Proposta de lei para a recuperação da “natureza”: mais uma casa que começa pelo telhado

A Comissão Europeia pretende criar uma lei de recuperação da natureza que ignora a importância de associar a geodiversidade às ações e políticas de recuperação de ecossistemas.

Como é do conhecimento geral, uma casa degradada e a necessitar de obras precisa de uma intervenção em todo o edifício. De pouco adianta recuperar paredes e janelas, se a chuva entra abundantemente pelo telhado ou vice-versa.

Vem isto a propósito da proposta da Comissão Europeia para a criação de uma lei dedicada à recuperação da natureza, uma iniciativa que ignora a parte não viva dessa natureza, o que só pode revelar um enorme desconhecimento acerca do assunto. Apresentada a 22 de junho, esta proposta de lei pretende:

1. A recuperação contínua, a longo prazo e sustentada da natureza biodiversa e resiliente nas zonas terrestres e marítimas da União Europeia, através da recuperação dos ecossistemas;

2. Alcançar os objetivos globais da União Europeia em matéria de mitigação das alterações climáticas e adaptação às alterações climáticas;

3. Contribuir para os compromissos internacionais da União Europeia.

O preâmbulo deste documento é composto por 19 páginas e 78 parágrafos, o que constitui mais um notável exemplo da verborreia das organizações europeias, que, certamente, procuram assim cativar o cidadão europeu para a necessidade de se envolver ativamente na resolução dos grandes desafios europeus!

Esta proposta de lei trata um tema pouco relevante e não prioritário? Todos concordamos que a resposta é não: finalmente, parece termos compreendido que o bem-estar e a prosperidade dos seres humanos dependem de como usamos os recursos naturais, boa parte deles finitos e não renováveis. O grande problema é que esta proposta de lei mostra, uma vez mais, como as instâncias europeias possuem um conceito truncado do que é a natureza, parecendo ignorar como os seus elementos vivos e não vivos estão inexoravelmente interligados e que os problemas que afetam uns dificilmente podem ser resolvidos sem que os outros sejam diretamente envolvidos nas soluções propostas.

A proposta de lei reconhece que “apesar dos esforços da União Europeia e internacionais, a perda de biodiversidade e a degradação dos ecossistemas continuam a um ritmo alarmante, prejudicando as pessoas, a economia e o clima” e que “até agora, a União Europeia não conseguiu travar a perda da biodiversidade”. Esta proposta explicita o conceito de ecossistema clarificando que se trata de “um complexo dinâmico de comunidades vegetais, animais e de microrganismos e o seu ambiente não vivo, interagindo como uma unidade funcional, e inclui tipos de habitat, habitats de espécies e populações de espécies” (o sublinhado é do autor deste texto).

Isto significa que pretender recuperar ecossistemas sem ter em conta o “ambiente não vivo” não é certamente a melhor estratégia.
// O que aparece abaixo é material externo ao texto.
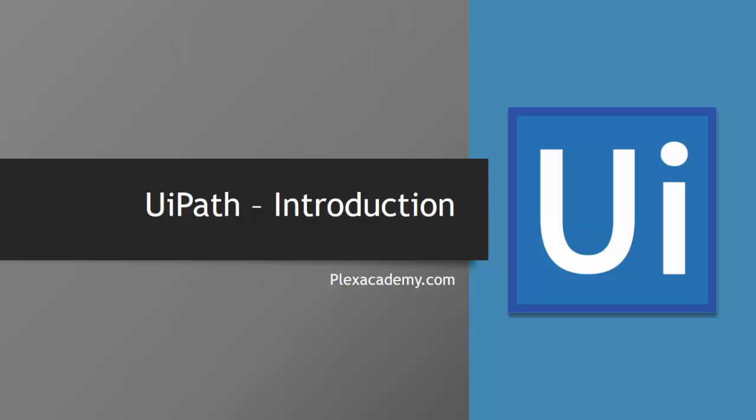Hello guys, this is Saurav from plexacademy.com and welcome to my UiPath tutorial series. This is the introduction part of UiPath. In this video, I'm going to give you the introduction of UiPath, what is UiPath and why we use UiPath, then I'm going to demonstrate with one artifact which has a simple automation.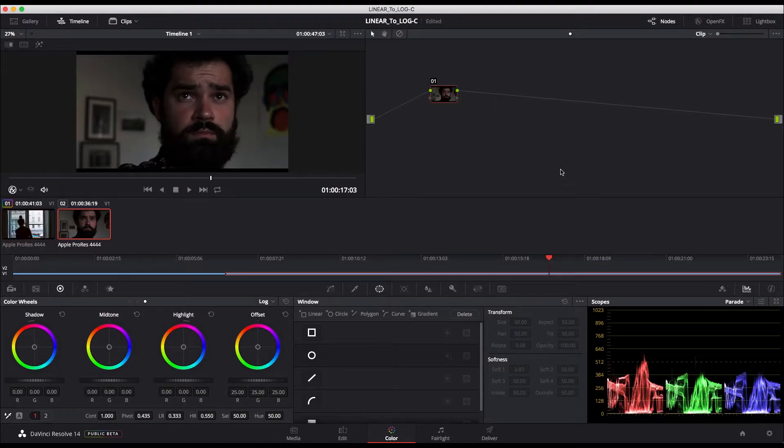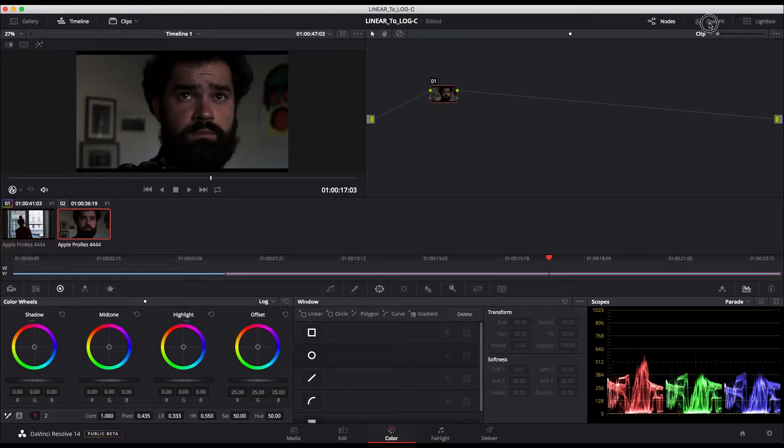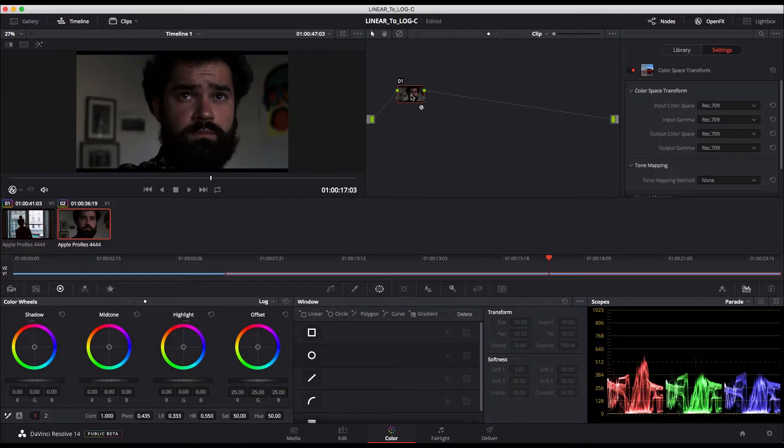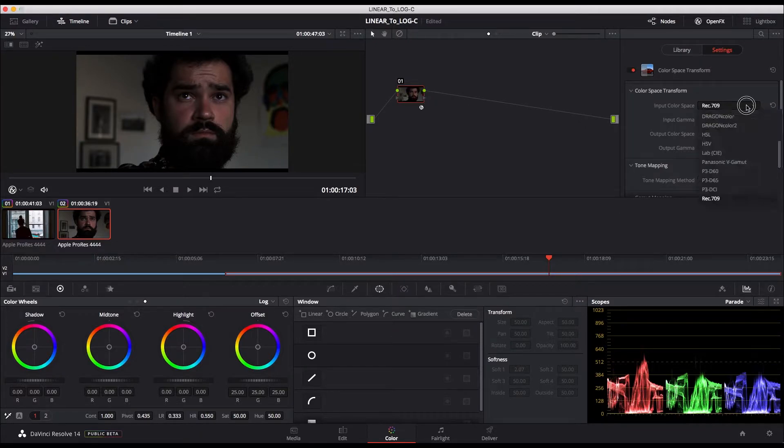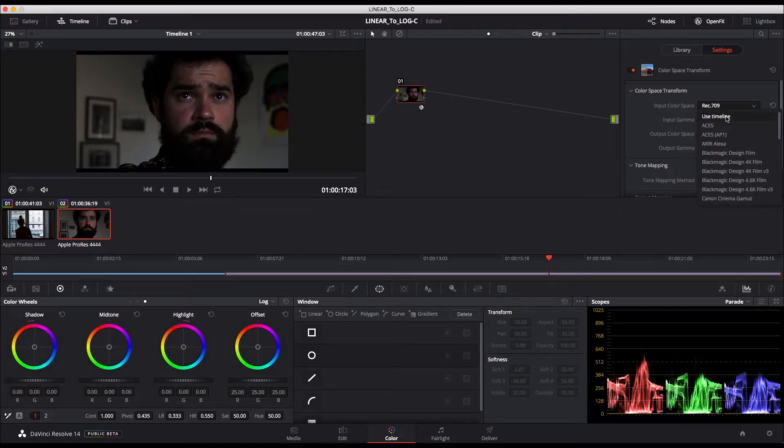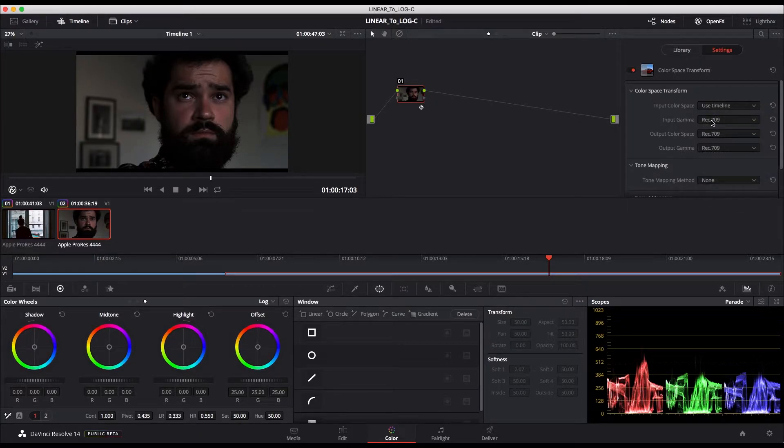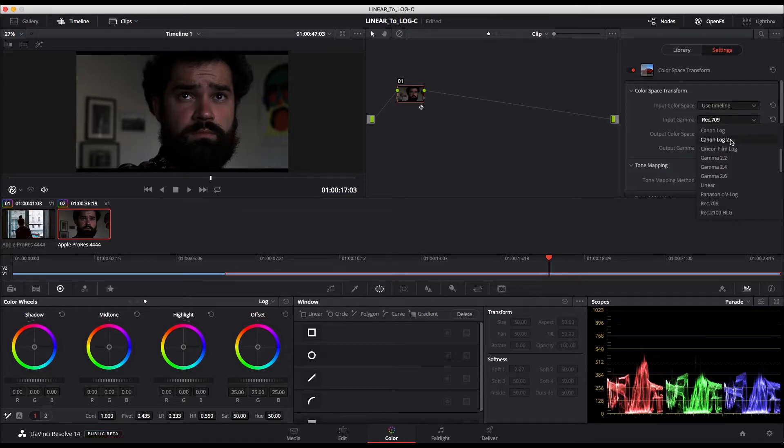I'm going to apply the color space transform effect to my first node. Then I select the input color space to use timeline and the input gamma to linear.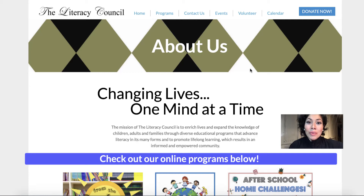Hello, everyone. I hope you've been staying busy and safe. Welcome back to our online ESL class for the Literacy Council. After the brief introduction in Spanish, we'll get started.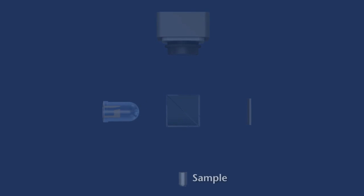The topography measurement is based on a technique called white light interferometry. Polytech's scanning white light interferometer is a special type of Michelson interferometer that scans the surface height of the test object.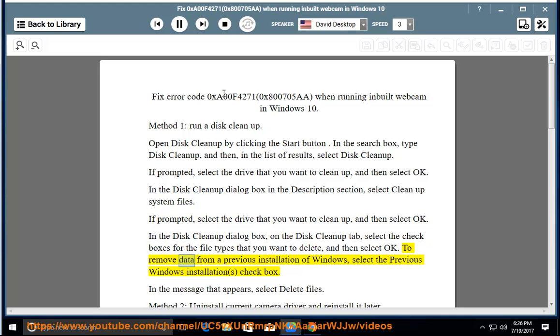To remove data from a previous installation of Windows, select the Previous Windows Installations checkbox. In the message that appears, select Delete Files.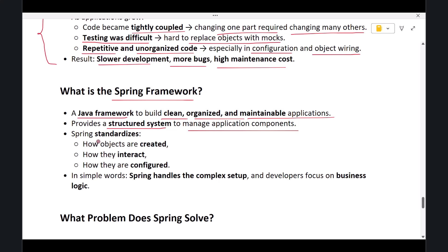It standardizes how objects are created, how they interact, and how they are configured. So in simple words, Spring takes care of the complex setup and you focus on writing business logic.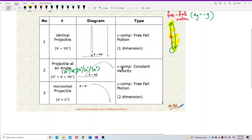The X component of projectile at an angle is a constant velocity — I will show you a simulation for this. The Y component is free fall motion, exactly like vertical projectile. So projectile at an angle is actually a combination of free fall motion and constant velocity, both happening simultaneously.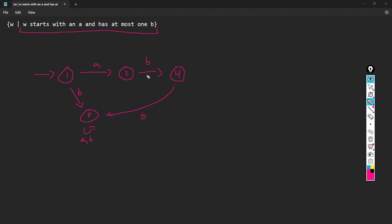Now we need to determine our accept states. W starts with an A and has at most one B, so it can have zero or one Bs. State two is an accept state — if we're there, our string is just A, which is fine. State four is also an accept state — our string is something like AB, which is also fine. If we were at the dead state with ABB, that's not good.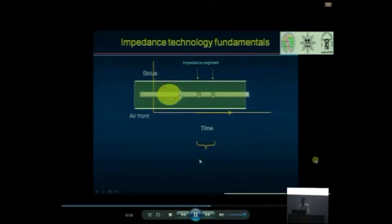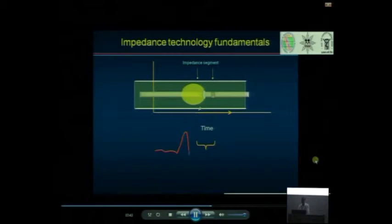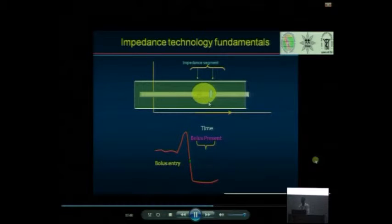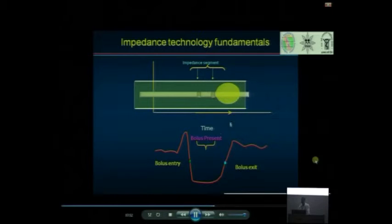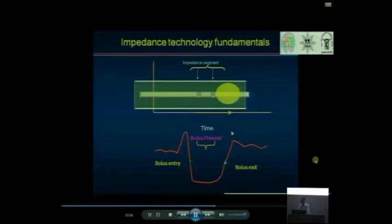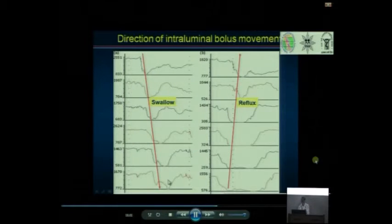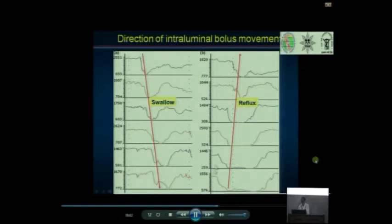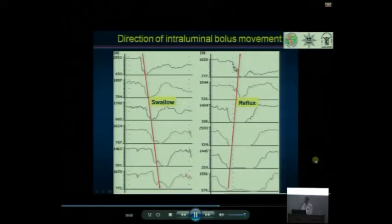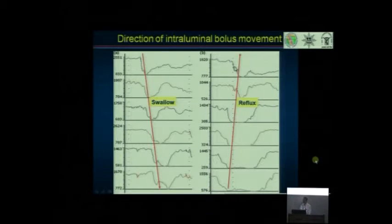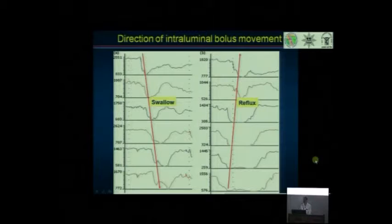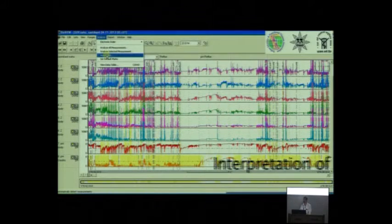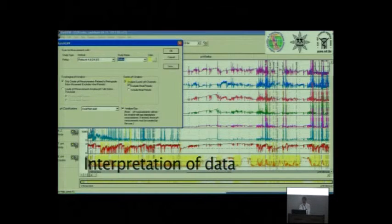I told you already the principle of impedance. When the bolus moves, there is a drop in the impedance because we know electrical current is better flown in the liquid media, and when the bolus goes out there is again increase in the impedance. Suppose such lowering of the impedance is antegrade like this, this is swallow. Whereas if the lowering of the impedance is retrograde like this, this is reflux. You can make out whether it is reflux or swallow, you can make out whether it is liquid reflux or gaseous reflux. This helps very much in a patient of belching. You can make out is it supragastric belching or gastric belching.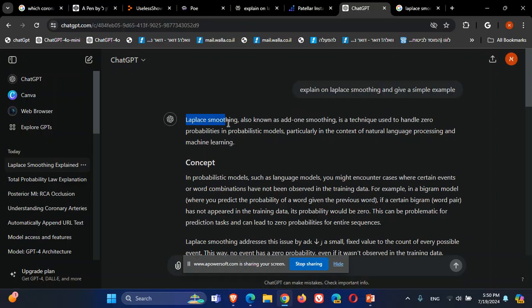The idea is to talk about Laplace smoothing — another name is add-one smoothing. The technique involves adding one. We have probabilities of different things, and some of them are zero. Those zero probabilities can cause a lot of problems, because if you have a chain of probability multiplications and one of them is zero, it will make the entire chain zero.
Mas o que é o ambiente não vivo? Basicamente, é o que é designado genericamente por geodiversidade, ou seja, a variedade de minerais, rochas, solos, formas de relevo, paisagens e processos associados. Surge assim inevitavelmente a questão: por que razão as políticas europeias relativas à natureza e sua proteção e recuperação continuam a não contemplar a geodiversidade?

A verdade é que esta proposta de lei não refere, uma única vez, a importância de associar a geodiversidade às ações e políticas de recuperação de ecossistemas. Consequentemente, não são estabelecidas metas, objetivos, indicadores, nem é obviamente previsto financiamento para ações específicas relativas à geodiversidade, a base de todos os ecossistemas.

Apenas a título de exemplo, o artigo 7º é dedicado à recuperação da ligação entre os rios e as funções naturais das planícies de inundação. Certamente uma questão importante, como ficou claramente demonstrado em agosto de 2021, na Alemanha e em outros países do centro da Europa, quando os rios ocuparam, de forma natural, as planícies de inundação, agora ocupadas por edifícios de habitação e outras infraestruturas, tendo como infelizes consequências um significativo número de vítimas e estragos materiais elevadíssimos. O conhecimento da dinâmica fluvial, o tipo de sedimentos existente e o modo como são transportados pelos rios constituem um exemplo simples que ilustra bem por que razão temos de trazer a geodiversidade e os geólogos para o campo da resolução de muitos problemas.

Esta cegueira das instituições europeias relativamente à geodiversidade não é nova. As políticas de conservação da natureza, as estratégias dedicadas à gestão da água e à conservação de solos e os requisitos necessários na avaliação de impacte ambiental são praticamente omissas no que respeita aos elementos e processos geológicos. Parece que a geodiversidade não é crucial para garantir a nossa sobrevivência e prosperidade, para nos permitir realizar a transição energética, a adaptação à mudança climática, a despoluição dos solos, água e ar, e tantos outros enormes desafios que temos de enfrentar. Mas é...

Está na hora da União Europeia e das organizações não governamentais dedicadas ao ambiente retirarem a venda, que, parece, até hoje lhes tem impedido a visão! Talvez assim consigam finalmente ver como não podemos dar-nos ao luxo de desperdiçar décadas de conhecimento científico produzido pelos geocientistas e que certamente nos pode ajudar a vencer uma série de desafios, de que este, a recuperação da natureza, é um exemplo bem significativo.